WP 1 - Conceptual Design. The WP1 focuses on conceptual design of wind turbines in the range of 10 MW -20 MW and serves as the integrating work package which assembles the component innovations at the wind turbine level and assesses their performance. The key performance indicators, environmental conditions, design drivers and turbine control systems are developed within this work package.

Within WP 1, Fraunhofer IWES is involved in Task 1.1 - External Conditions. Task 1.1 deals with the external conditions and aims at providing the missing information on the external conditions at higher atmospheres which is needed for designing large offshore wind turbines.

Fraunhofer IWES delivers an overview about available data sets, including a description of the measurement sites, the data sources and the access options.

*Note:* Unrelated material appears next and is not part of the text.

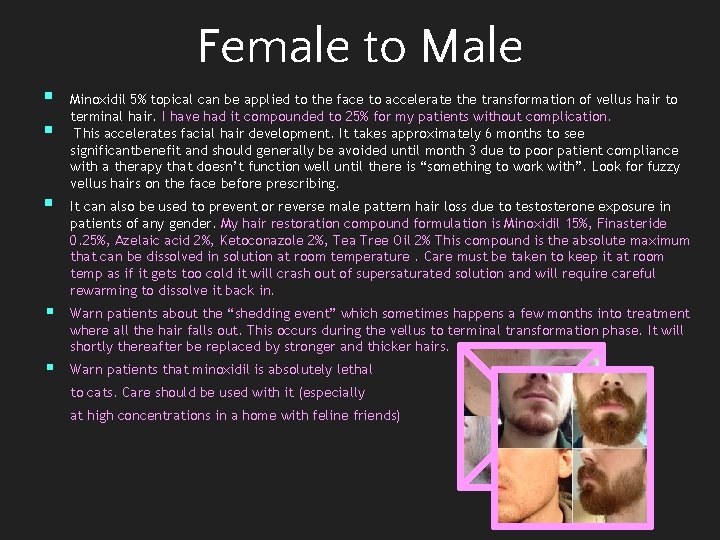 Female to Male § § § Minoxidil 5% topical can be applied to the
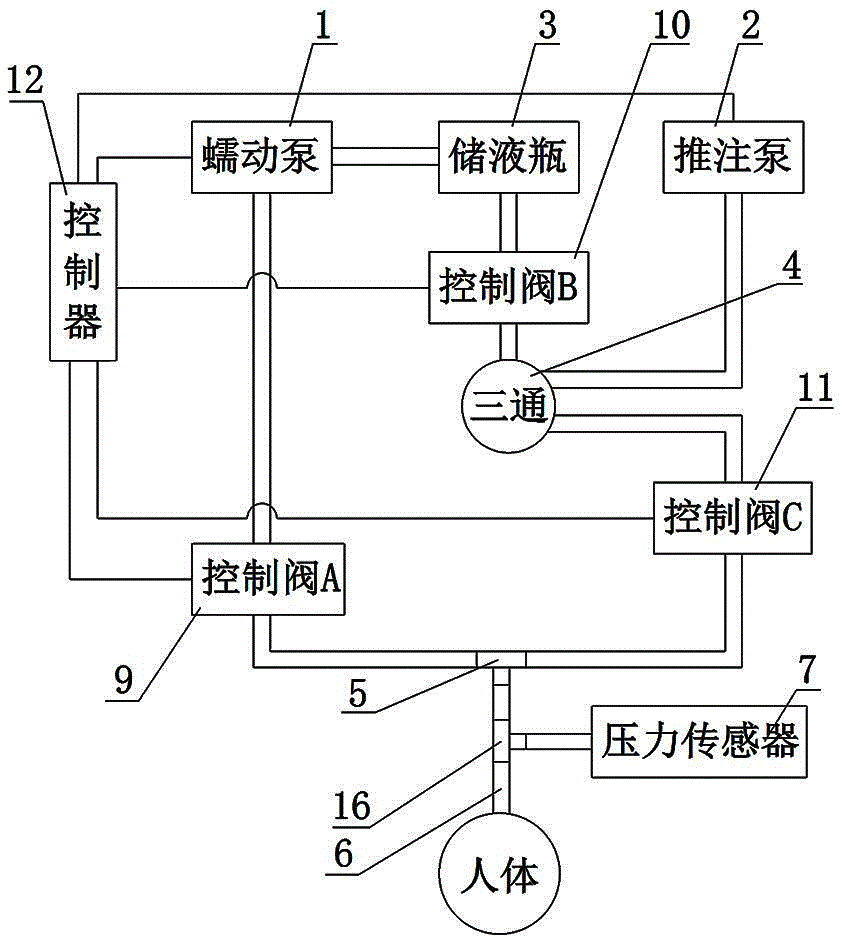 Automatic filling device used for urodynamic detection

Further, exemplary characteristic data sets are defined and delivered. These include selected processed data for a specific period which are available for interested INNWIND.EU partners. The data sets shall comprise rather standard conditions as well as conditions significantly deviating from these.


WP 4 – Offshore Support Structures. The aim of WP 4 is to achieve innovative jacket designs in the 10 MW class in terms of enabling at least 20% cost reduction compared to current designs by innovations on the components level. Furthermore, risks and possibilities shall be assessed and a preliminary design of an innovative 20 MW substructure will be developed. In addition, numerical models of non-linear floater behavior will be validated in wave tank tests and first floater concept designs will be delivered to speed up their time to market.

Within WP 4, Fraunhofer IWES is involved in Task 4.1 - Innovations on component level for bottom-based structures. This task aims at developing innovations on component level to lower the costs of energy for 10 MW OWT to a competitive level. The component levels within this task cover all relevant topics of future cost-effective, mass-producible designs (e.g. casted joints and industry-standard piles), such as new foundation types (without grout and/or piling), soil-structure-interaction of large piles or suction buckets, innovative transition piece designs or designs consisting of hybrid materials never used in wind energy before. In addition, design integration using jacket-specific controls and innovative fabrication and installation processes shall complete the overall cost saving potentials. Another major part of this task is the validation by testing. Within the given framework scale-tests of innovative joints and hybrid materials but also validation of soil-structure interactions will be realized.

Fraunhofer IWES focuses on soil-structure interaction of predominantly axially loaded piles. Here, the main objective is to improve the accuracy of model predictions and to validate the analytic and numerical models by experimental tests.